The weather forecast from Bedourie wasn’t encouraging for our plans to do Haddon Cnr, Cordillo downs, Innaminka, Dig Tree, Tibboburra, broken Hill….home, but we had come this far so set off for Birdsville with the fall-back plan to come home via Birdsville Track rather than Strezlecki Track. Bedourie to Birdsville was mainly dirt, very bulldusty, and some corrugations which we have come to expect and handle. We came in to Birdsville to see a sign announcing population 150 + or – 7000! (for the race weekend). The 7000 were commencing the pilgrimage, but we still found a lovely spot on the banks of the Diamantina….with the obligatory surface layer of bulldust everywhere.
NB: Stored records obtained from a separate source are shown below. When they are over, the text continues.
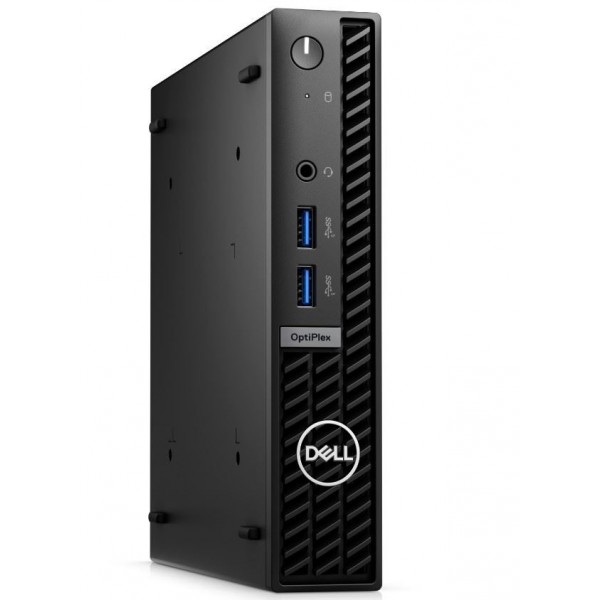 DELL N007O7010MFF_VP_U OPTIPLEX MFF CI5-13500T 1.60 GHZ 8GB 256GB SSD UBUNTU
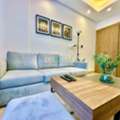 KWD 550/month,  Furnished,  1 BR,  Fully Furnished One Bedroom Apartment For Rent In Salmiya, Kuwait City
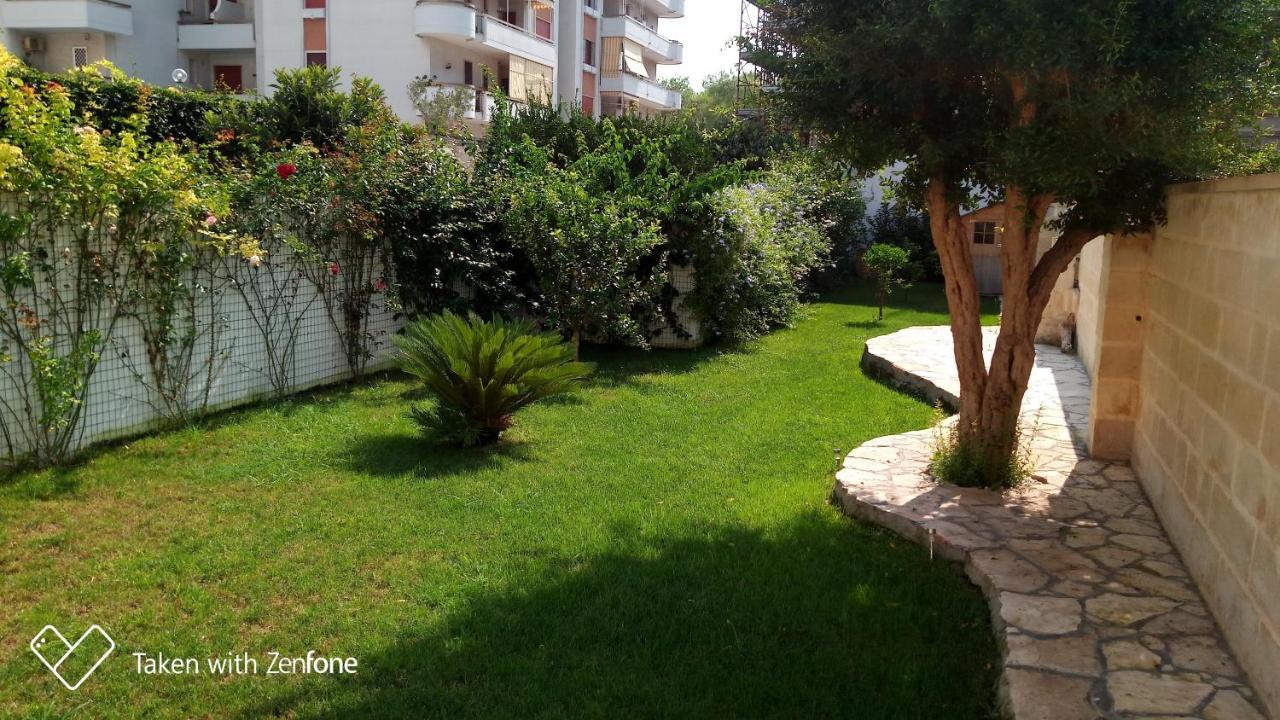 B&B Excelsior Lecce Eksteriør billede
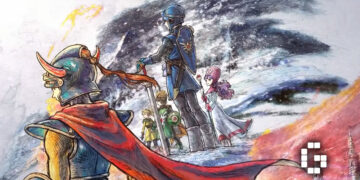 Square Enix Requests Players Avoid Sharing DRAGON QUEST I & II HD-2D Remake End-Game Content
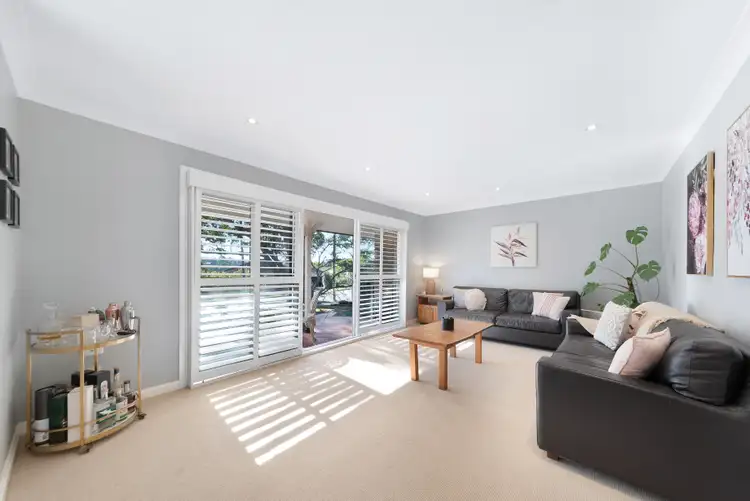 Second view of Homely house listing, 5 Flora Avenue, Mount Colah NSW 2079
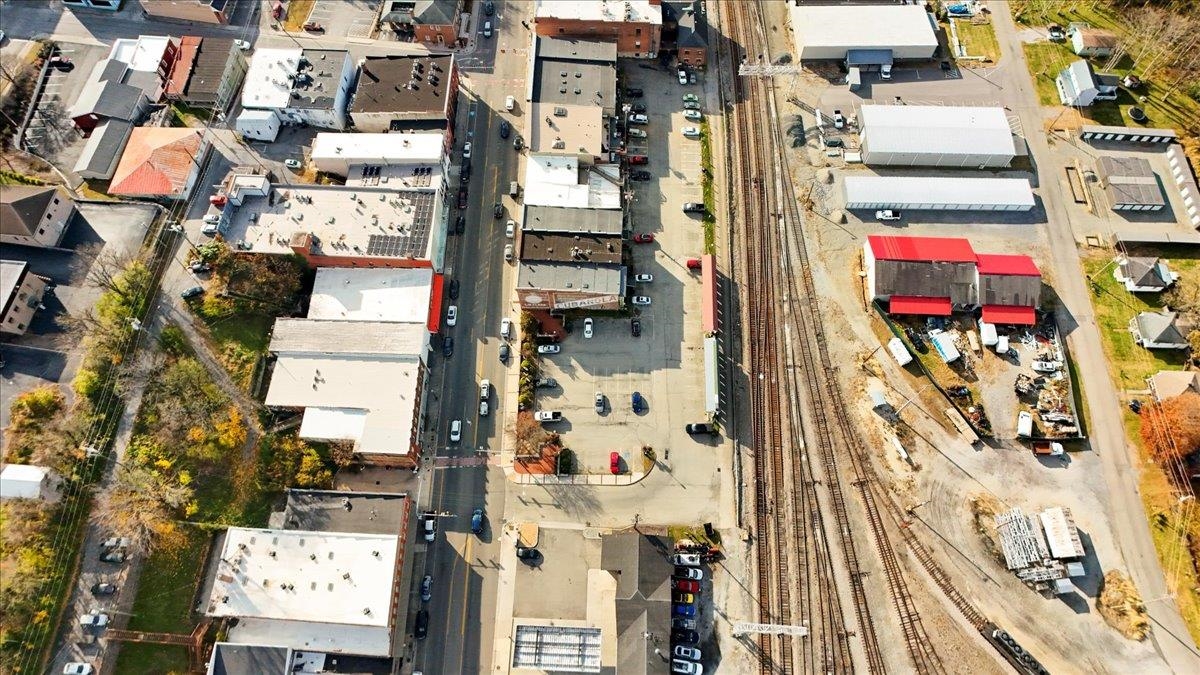 1120 E Main Street Radford VA 24141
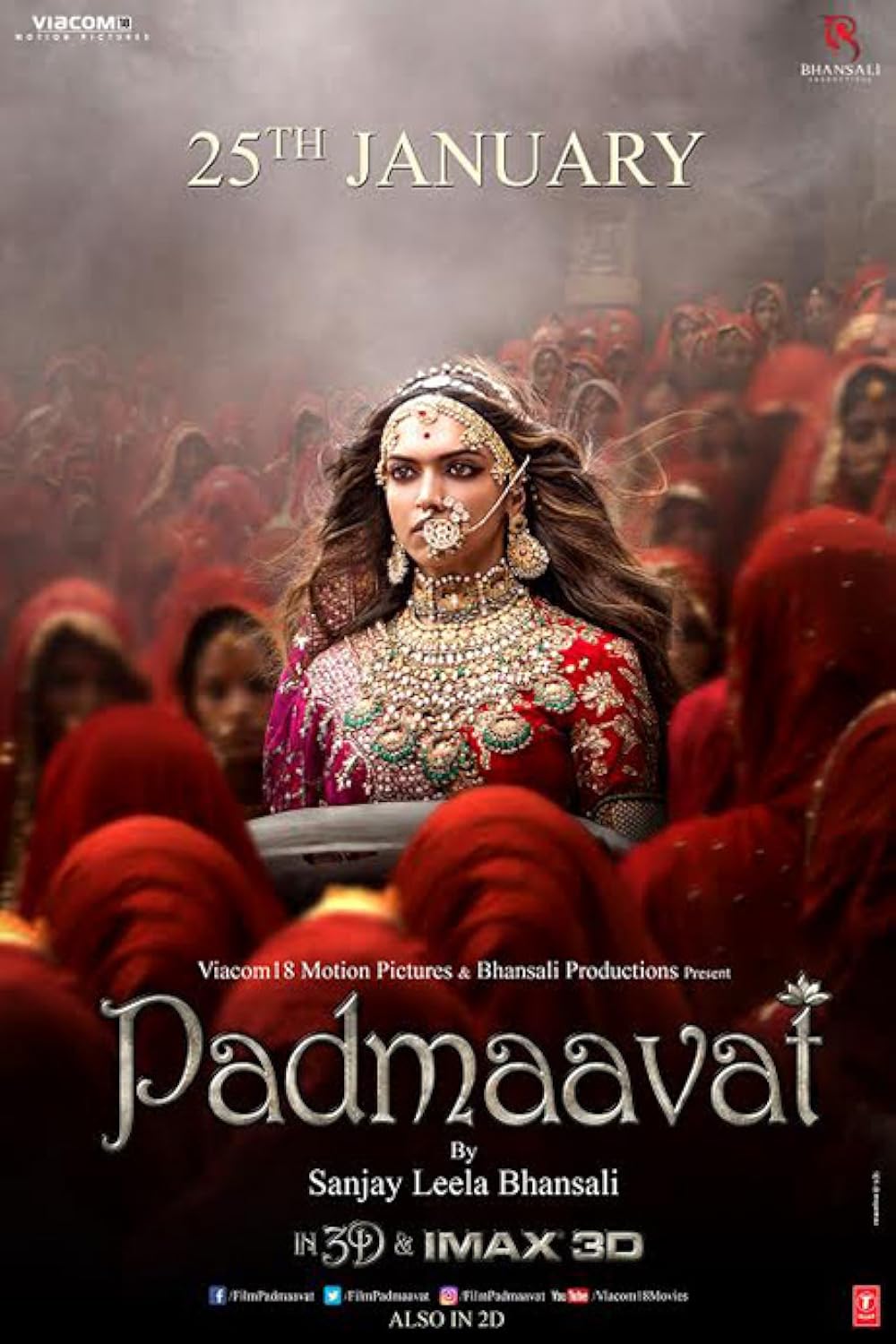 Padmaavat Padmaavat
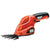 საბაღე საკრეჭი ელემენტზე Black&decker GSL200-QW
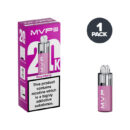 Fizzy Cherry Innokin MVP 20K Prefilled Pods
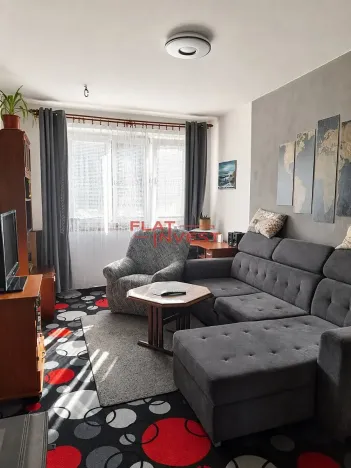Prodej bytu 3+1, Orlické Záhoří, 75 m2
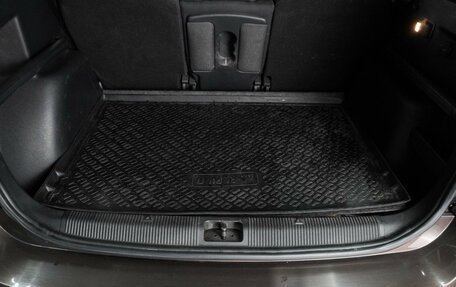 Skoda Yeti I рестайлинг, 2014 год, 1 179 000 рублей, 18 фотография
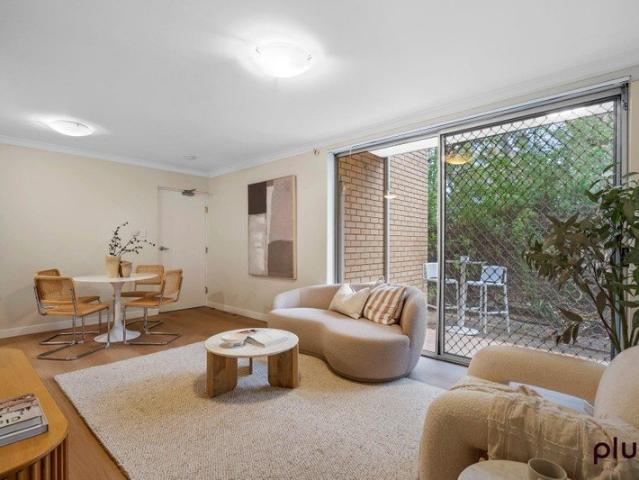 Apartment for rent in Auchenflower, Greater Brisbane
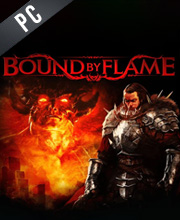 Bound by Flame Pc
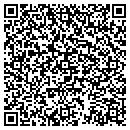 QR code with N-Style Salon contacts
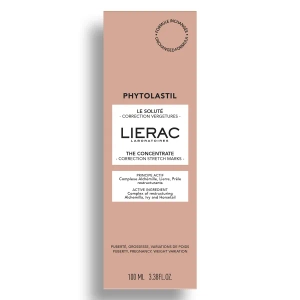 LIERAC ФИТОЛАСТИЛ КОНЦЕНТРАТ ОТ РАСТЯЖЕК 100МЛ 7630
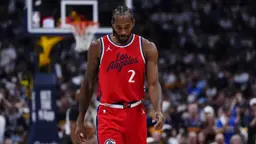 La NBA n'a pas fait de cadeau à Kawhi Leonard et aux Clippers, punis financièrement et sportivement pour avoir contourné les règles du salary cap.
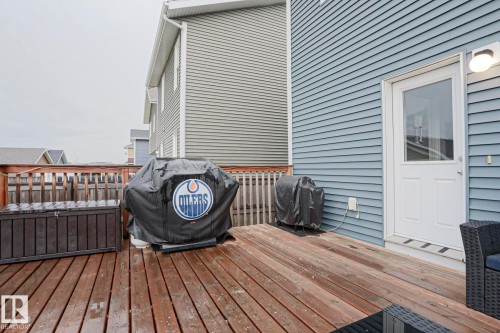492 Ebbers Way Nw, Edmonton, AB 
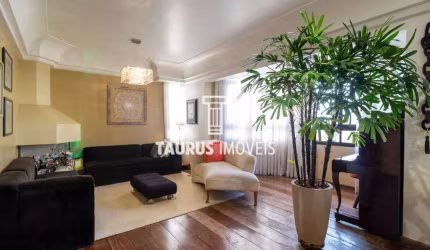 Apartamento 4 quartos, 196 m², à venda por R$1.300.000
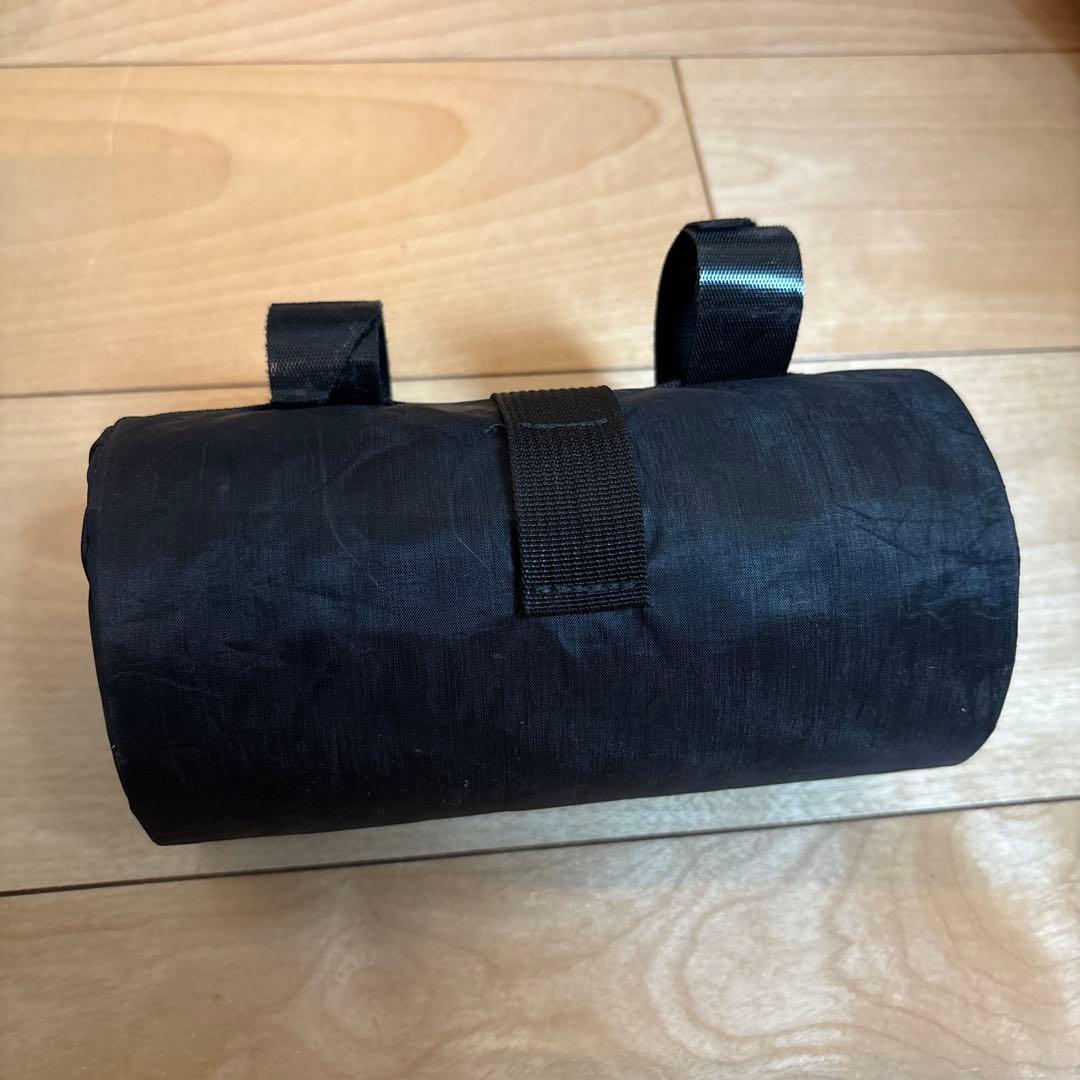 MORI MONO「Essential Bar Bag」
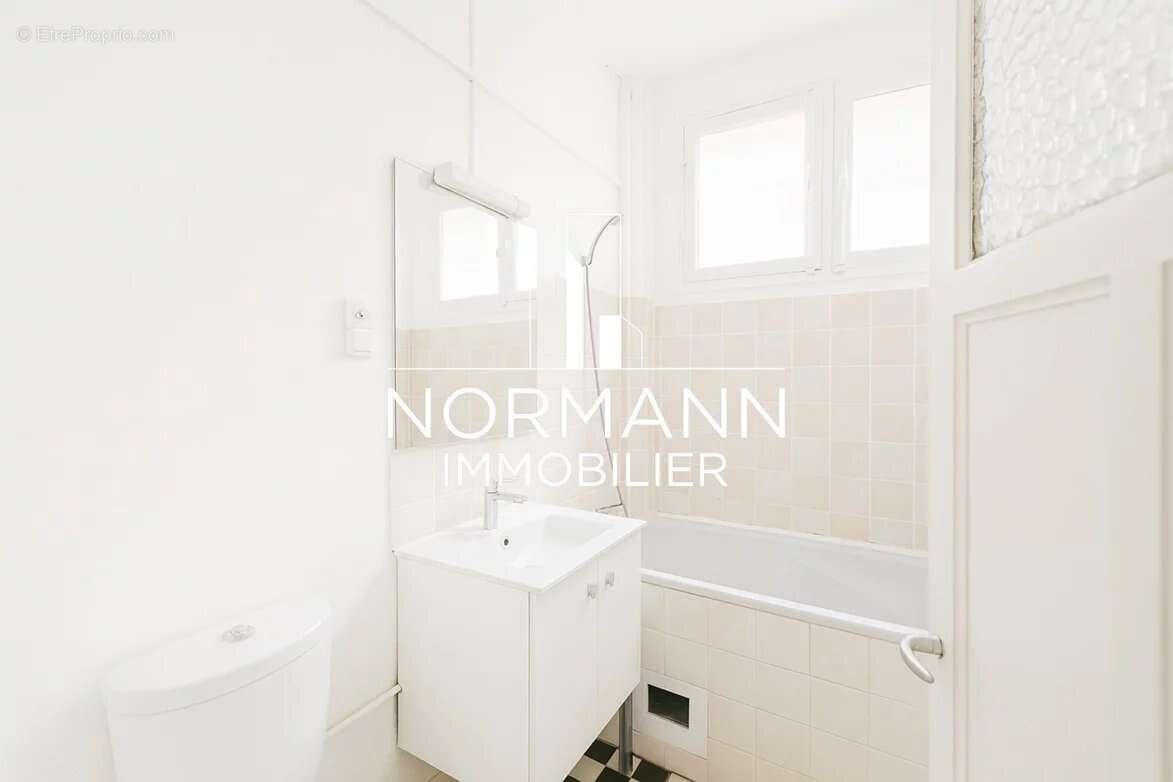 Appartement à PUTEAUX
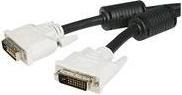 Produktbild StarTech 1 Port USB To Serial Cable (2.50 m)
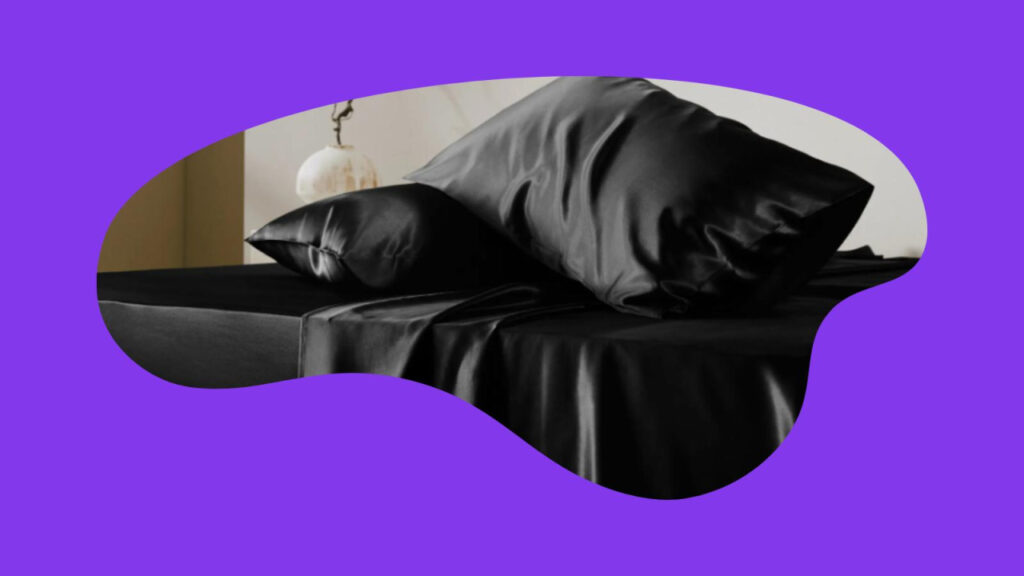 Easiest Silk Sheets 2024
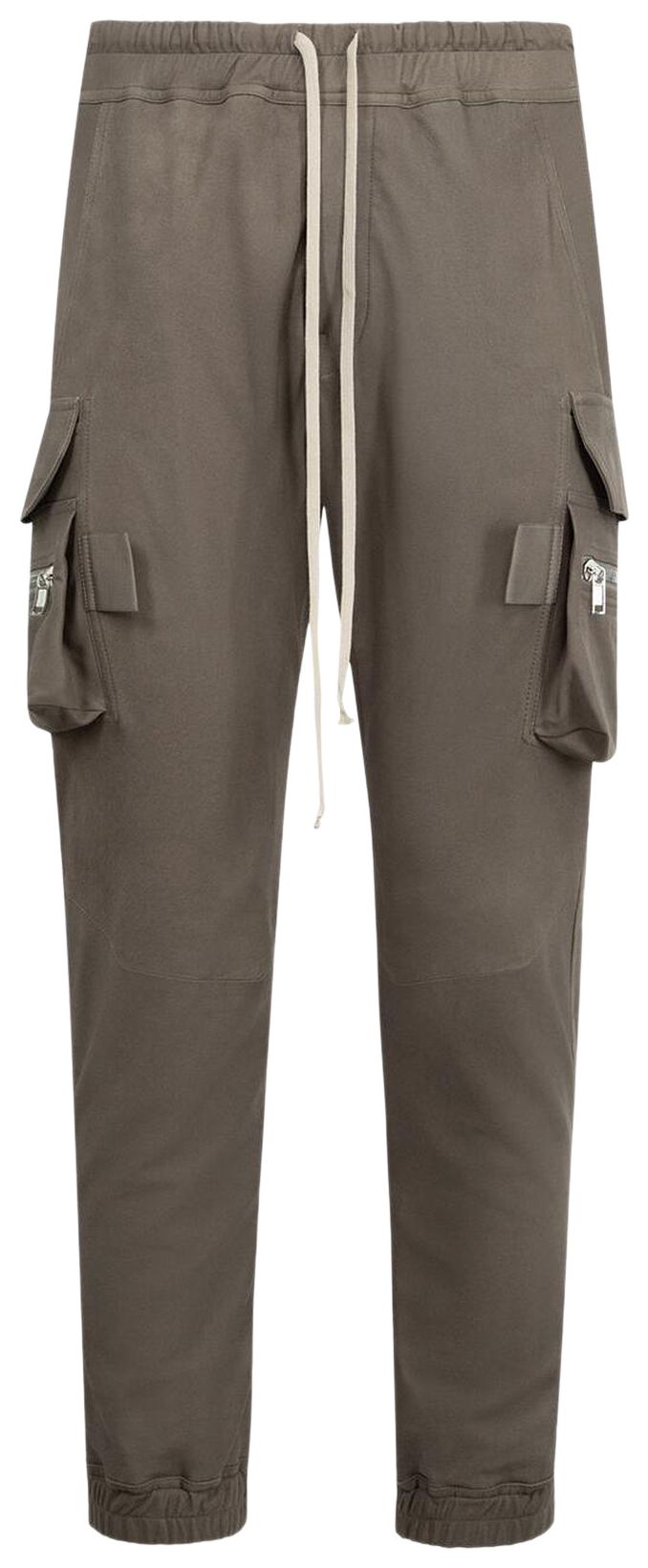 Rick Owens Mastodon Cargo Dust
Birdsville has one CP, 2 pubs (the old one completely derelict), a bakery, an airport with agistment for unlimited light aircraft flying in for the race weekend, and a roadhouse for fuel and very basic supplies…..and a racetrack of course! And enough primitive free camping to support the annual influx of pilgrims.
It also has reminders of the ill- fated Burke & Wills expedition identifying a waterhole camp on the Diamantina, and a “slashed tree” marking a point to return to. The weather was against our initial plans, so we couldn’t return on the Strezlecki. So it was down the famous Birdsville Track. It was smooth at first, but soon turned to the characteristic tyre destroying gibber rock road, so it was tyre pressure and speed down to reduce the risk of puncture and breakdown. The Track borders the Simpson Desert so the massive parallel sand dunes flanked us most of the way. Someday soon we hope to cross the Simpson Desert dune challenge, but for now the enormity and steepness of this endless dune system just haunted and beckoned us.
We made it to Mungaranie Hotel and Campground the first night and had a hoot of a time. The bar was packed with station hands and tourists (most on their way to the Birdsville Races), the atmosphere and meal sensational, and we just made it back to the van, when a jam session commenced and went well into the night.
We came off the Track at Maree, where we had commenced the Oodnadatta Track many weeks before, then down past the Flinders Ranges again, finishing up in Mildura for 4 nights to catch up with friends from our previous farming life. It was really cold again so we had no hesitation retreating to our home in Diamond Creek to catch up with family, friends and my fellow OMNI mates.
Safe travel everyone, and always be thankful that we live in the greatest country in the world.